==== DATA SECTION

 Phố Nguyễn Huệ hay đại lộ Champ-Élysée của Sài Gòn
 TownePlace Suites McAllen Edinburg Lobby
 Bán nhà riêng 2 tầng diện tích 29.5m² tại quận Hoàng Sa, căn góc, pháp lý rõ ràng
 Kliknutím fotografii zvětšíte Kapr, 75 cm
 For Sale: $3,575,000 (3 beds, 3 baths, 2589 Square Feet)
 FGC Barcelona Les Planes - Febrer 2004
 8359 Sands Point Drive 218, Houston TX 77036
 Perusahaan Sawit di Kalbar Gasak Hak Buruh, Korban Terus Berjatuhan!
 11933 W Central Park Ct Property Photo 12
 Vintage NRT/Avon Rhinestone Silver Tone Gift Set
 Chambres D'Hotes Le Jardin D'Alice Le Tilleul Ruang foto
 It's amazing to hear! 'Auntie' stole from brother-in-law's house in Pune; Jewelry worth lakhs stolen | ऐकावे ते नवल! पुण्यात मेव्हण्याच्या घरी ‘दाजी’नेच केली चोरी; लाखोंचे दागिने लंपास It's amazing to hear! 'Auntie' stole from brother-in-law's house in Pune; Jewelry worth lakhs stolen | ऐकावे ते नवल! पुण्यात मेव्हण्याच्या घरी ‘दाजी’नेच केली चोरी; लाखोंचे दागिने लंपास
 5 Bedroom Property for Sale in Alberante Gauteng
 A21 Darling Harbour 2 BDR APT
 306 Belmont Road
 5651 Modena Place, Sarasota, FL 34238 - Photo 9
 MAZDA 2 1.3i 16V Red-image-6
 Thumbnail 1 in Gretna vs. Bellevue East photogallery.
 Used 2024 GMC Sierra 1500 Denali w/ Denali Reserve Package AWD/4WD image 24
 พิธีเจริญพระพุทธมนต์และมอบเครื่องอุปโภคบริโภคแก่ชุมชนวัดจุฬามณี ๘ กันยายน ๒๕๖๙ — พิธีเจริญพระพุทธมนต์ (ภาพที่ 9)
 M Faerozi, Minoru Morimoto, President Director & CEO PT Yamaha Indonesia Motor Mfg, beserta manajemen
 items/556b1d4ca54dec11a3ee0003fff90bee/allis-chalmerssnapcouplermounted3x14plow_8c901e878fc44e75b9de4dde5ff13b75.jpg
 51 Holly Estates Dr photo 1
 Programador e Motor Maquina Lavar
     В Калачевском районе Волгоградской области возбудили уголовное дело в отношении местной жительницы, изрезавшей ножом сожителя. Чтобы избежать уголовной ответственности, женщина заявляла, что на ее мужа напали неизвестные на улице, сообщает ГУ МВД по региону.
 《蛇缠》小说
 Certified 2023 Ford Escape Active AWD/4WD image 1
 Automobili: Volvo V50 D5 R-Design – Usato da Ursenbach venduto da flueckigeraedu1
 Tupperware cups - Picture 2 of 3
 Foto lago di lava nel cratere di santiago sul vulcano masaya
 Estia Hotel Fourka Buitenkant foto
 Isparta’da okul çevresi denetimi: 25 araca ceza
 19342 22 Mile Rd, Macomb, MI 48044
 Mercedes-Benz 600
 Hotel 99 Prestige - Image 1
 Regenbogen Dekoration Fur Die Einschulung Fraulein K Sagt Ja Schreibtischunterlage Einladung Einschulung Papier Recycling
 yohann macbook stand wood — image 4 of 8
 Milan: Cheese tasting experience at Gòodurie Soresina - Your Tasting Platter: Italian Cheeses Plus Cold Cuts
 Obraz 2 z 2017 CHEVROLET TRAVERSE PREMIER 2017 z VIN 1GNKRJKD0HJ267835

========

Would you copy, unchanged, the stretch of the records above that begins at the line containing "TownePlace Suites McAllen Edinburg Lobby" and ends at the line containing "Isparta’da okul çevresi", and only that?

 TownePlace Suites McAllen Edinburg Lobby
 Bán nhà riêng 2 tầng diện tích 29.5m² tại quận Hoàng Sa, căn góc, pháp lý rõ ràng
 Kliknutím fotografii zvětšíte Kapr, 75 cm
 For Sale: $3,575,000 (3 beds, 3 baths, 2589 Square Feet)
 FGC Barcelona Les Planes - Febrer 2004
 8359 Sands Point Drive 218, Houston TX 77036
 Perusahaan Sawit di Kalbar Gasak Hak Buruh, Korban Terus Berjatuhan!
 11933 W Central Park Ct Property Photo 12
 Vintage NRT/Avon Rhinestone Silver Tone Gift Set
 Chambres D'Hotes Le Jardin D'Alice Le Tilleul Ruang foto
 It's amazing to hear! 'Auntie' stole from brother-in-law's house in Pune; Jewelry worth lakhs stolen | ऐकावे ते नवल! पुण्यात मेव्हण्याच्या घरी ‘दाजी’नेच केली चोरी; लाखोंचे दागिने लंपास It's amazing to hear! 'Auntie' stole from brother-in-law's house in Pune; Jewelry worth lakhs stolen | ऐकावे ते नवल! पुण्यात मेव्हण्याच्या घरी ‘दाजी’नेच केली चोरी; लाखोंचे दागिने लंपास
 5 Bedroom Property for Sale in Alberante Gauteng
 A21 Darling Harbour 2 BDR APT
 306 Belmont Road
 5651 Modena Place, Sarasota, FL 34238 - Photo 9
 MAZDA 2 1.3i 16V Red-image-6
 Thumbnail 1 in Gretna vs. Bellevue East photogallery.
 Used 2024 GMC Sierra 1500 Denali w/ Denali Reserve Package AWD/4WD image 24
 พิธีเจริญพระพุทธมนต์และมอบเครื่องอุปโภคบริโภคแก่ชุมชนวัดจุฬามณี ๘ กันยายน ๒๕๖๙ — พิธีเจริญพระพุทธมนต์ (ภาพที่ 9)
 M Faerozi, Minoru Morimoto, President Director & CEO PT Yamaha Indonesia Motor Mfg, beserta manajemen
 items/556b1d4ca54dec11a3ee0003fff90bee/allis-chalmerssnapcouplermounted3x14plow_8c901e878fc44e75b9de4dde5ff13b75.jpg
 51 Holly Estates Dr photo 1
 Programador e Motor Maquina Lavar
     В Калачевском районе Волгоградской области возбудили уголовное дело в отношении местной жительницы, изрезавшей ножом сожителя. Чтобы избежать уголовной ответственности, женщина заявляла, что на ее мужа напали неизвестные на улице, сообщает ГУ МВД по региону.
 《蛇缠》小说
 Certified 2023 Ford Escape Active AWD/4WD image 1
 Automobili: Volvo V50 D5 R-Design – Usato da Ursenbach venduto da flueckigeraedu1
 Tupperware cups - Picture 2 of 3
 Foto lago di lava nel cratere di santiago sul vulcano masaya
 Estia Hotel Fourka Buitenkant foto
 Isparta’da okul çevresi denetimi: 25 araca ceza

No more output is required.